Memang naik transjakarta harus penuh perjuangan, tidak seimbang antara supply & demand, serta ketidakmatangan manajemen transportasi umum dikalangan birokrat perencana pemkot DKI menjadikan permasalahan tak pernah terselesaikan, malah selalu menambah masalah dengan masalah-masalah baru. Perhatikan saja shelter2 yang tersedia begitu membludak oleh penumpang yang sering kali tak terangkut, membuat penumpang harus berdesakan dan menunggu lebih lama, belum lagi frekuensi waktu kedatangan yang tak pasti (dijanjikan tiap interval 5 – 10 menit, namun kadang hingga 30 menit). Perjuangan tak selesai di Shelter, di dalam bis pun, suasana nyaman tak bisa di buktikan, hanya tersedia mungkin sekitar 30 kursi saja (berapa pastinya jumlah tempat duduk yang tersedia, saya belum sempat hitung, maaf). Dari 30 kursi tersebut hanya 10 bagi wanita di area khusus wanita yang di sediakan di atas transjakarta, sisanya bisa ke area umum atau berdiri (kebanyakan wanita lebih rela berdiri lebih lama di area wanita dari pada berpindah ke area umum yang didominasi para pria), ditambah lagi dengan pergerakan bis yang sudah di pastikan membuat penumpangnya terbuai dan terombangambing kiri-kanan-depan-belakang. Walau demikian panjang deritanya naik transjakarta, namun penumpang tak berkurang tetap diminati, karena murah.

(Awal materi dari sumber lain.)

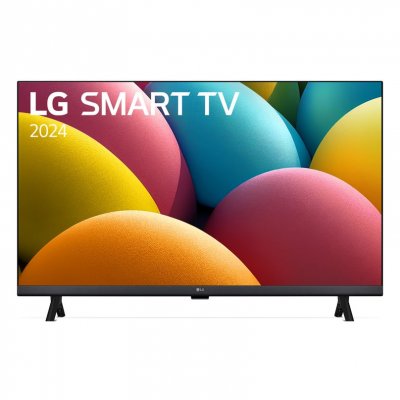 LG  32LR6000LA Smart TV LED Full HD 32 pollici con HDR e webOS Nero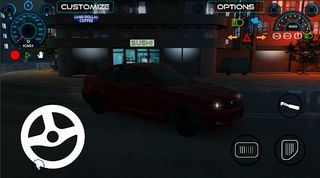 Police Chase - Neon City - Screenshot 3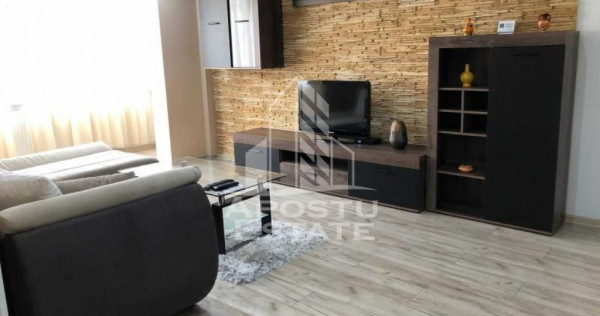Apartament cu 2 camere, etaj intermediar, zona Iulius Mall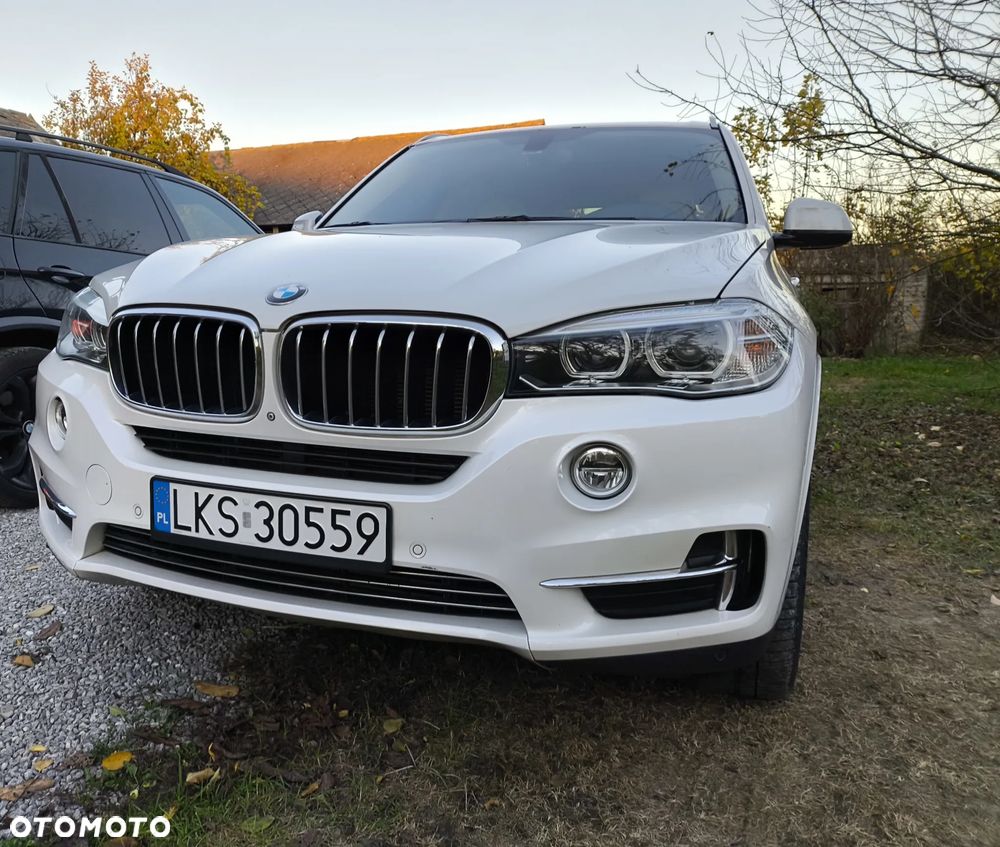 BMW X5 xDrive35i - 1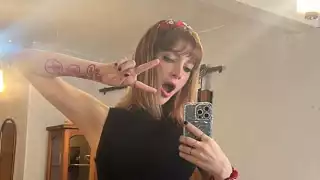 Imelda Tuñón responde a los ataques que ha sufrido en las redes sociales por su presentación como cantante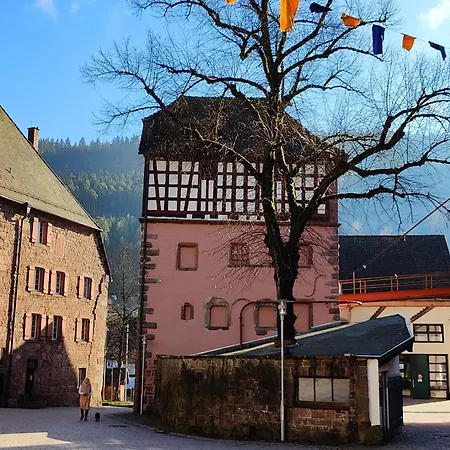 Sonnenschein Alpirsbach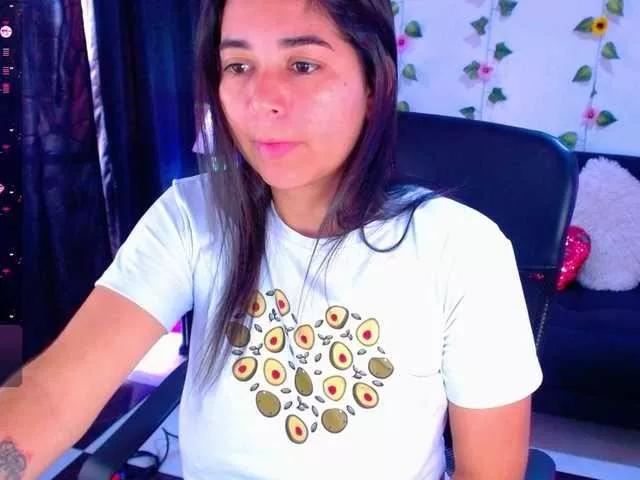 HannaAGT from BongaCams is Freechat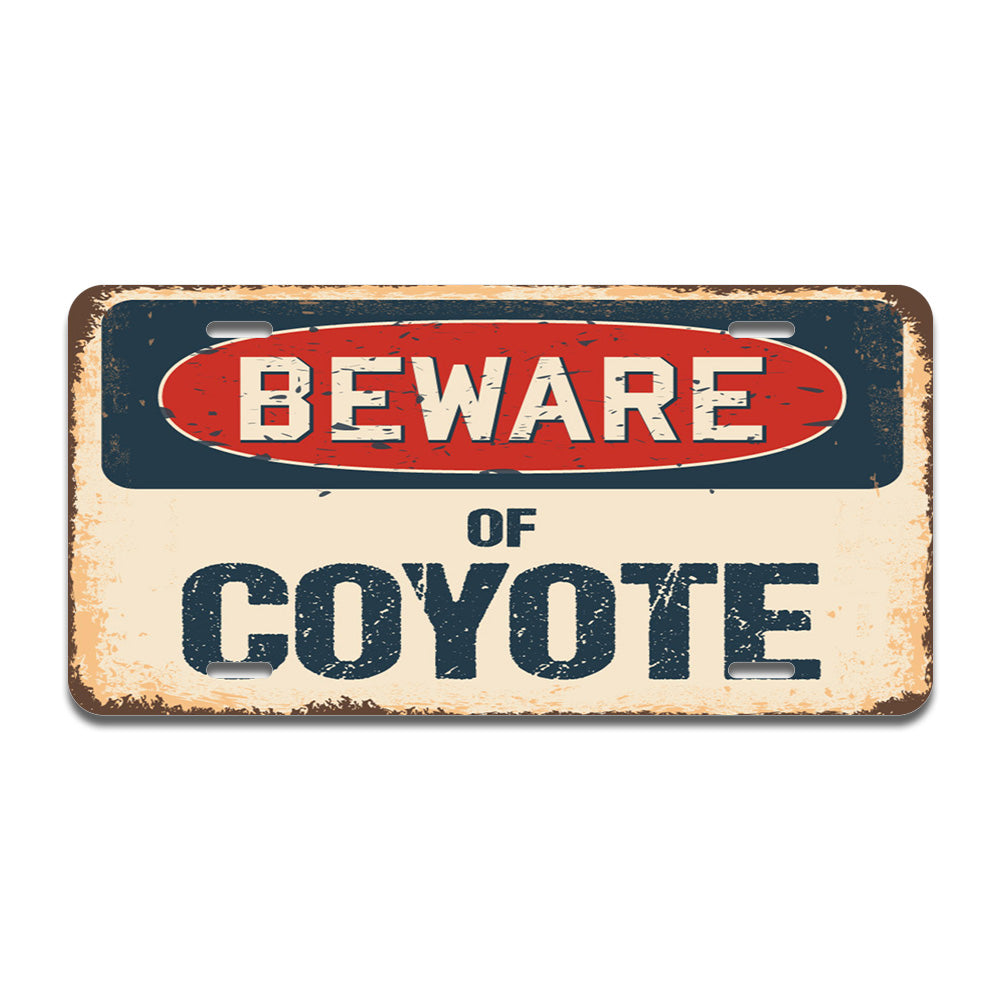 Beware of Coyote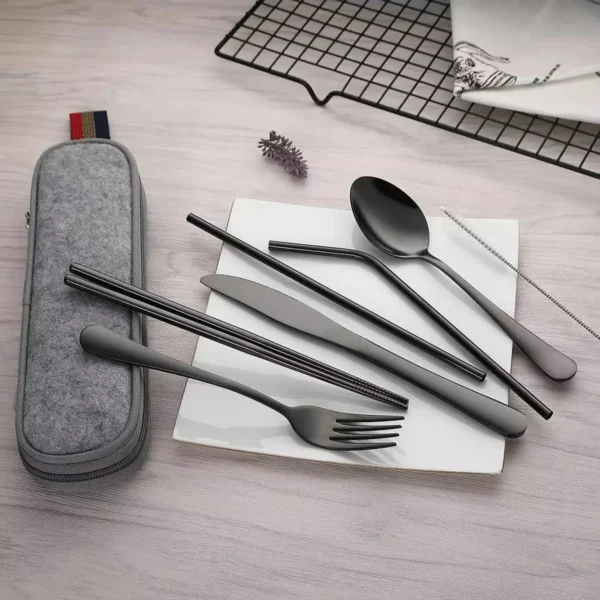 GoDine Travel Cutlery Set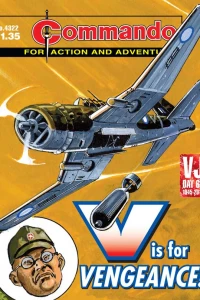 V Is For Vengeance!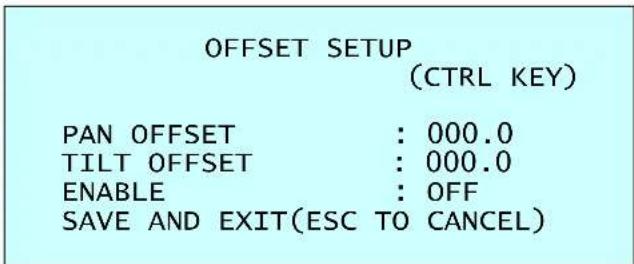 REVO REHVDPTZ22-1 - - ORIGIN OFFSET - 1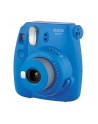 Fujifilm Instax Mini 9 Camera Cobalt Blue + Instax mini glossy (10) - nr 2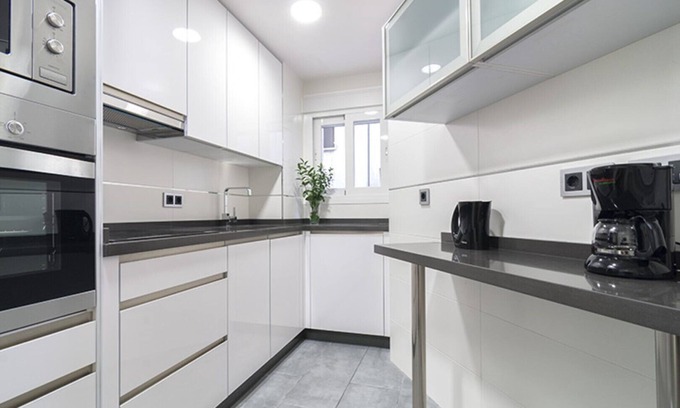 Chamberi Apartment | Abascal apartment in Madrid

Lalu saya mencoba naik angkutan kota lainnya, yaitu kopaja dan metromini. Lama tak naik kendaraan umum jenis ini, membuat saya bingung membayar tariff, untuk amannya saya kasi Rp. 5000 dan mendapat kembali Rp. 3000, berarti tarifnya ‘hanya’ Rp. 2000, murah banget kan ?? dengan rute kopaja yang bila dari ujung ke ujung lumayan jauh (missal : P.20 Senen – Lebak Bulus). Dan semalam sepulang kerja saya iseng mencoba naik biskota yang searah dengan jalur transjakarta yang biasa saya tumpangi, bis non-ac reyot milik Perusahaan Penumpang Djakarta atau yang dikenal dengan PPD, saya naik PPD 43 rute CIlilitan – Tj. Priok, saya bayar ongkosnya ‘hanya’ Rp.2000 , lagi-lagi terkagum-kagum dengan murahnya ongkos yang harus saya keluarkan.
Akan lain ceritanya bila saya naik mikrolet atau angkot, yang mengenakan tarif berdasarkan jarak dan mood driver. Untuk perjalanan yang sama dari rumah saya ke jatinegara, bila membayar dengan Rp.5000 maka kadang akan mendapat kembali Rp. 2000 atauRP. 1500 bahkan pernah juga RP. 1000. Jadi sebaiknya bayarkanlah dengan uang pas.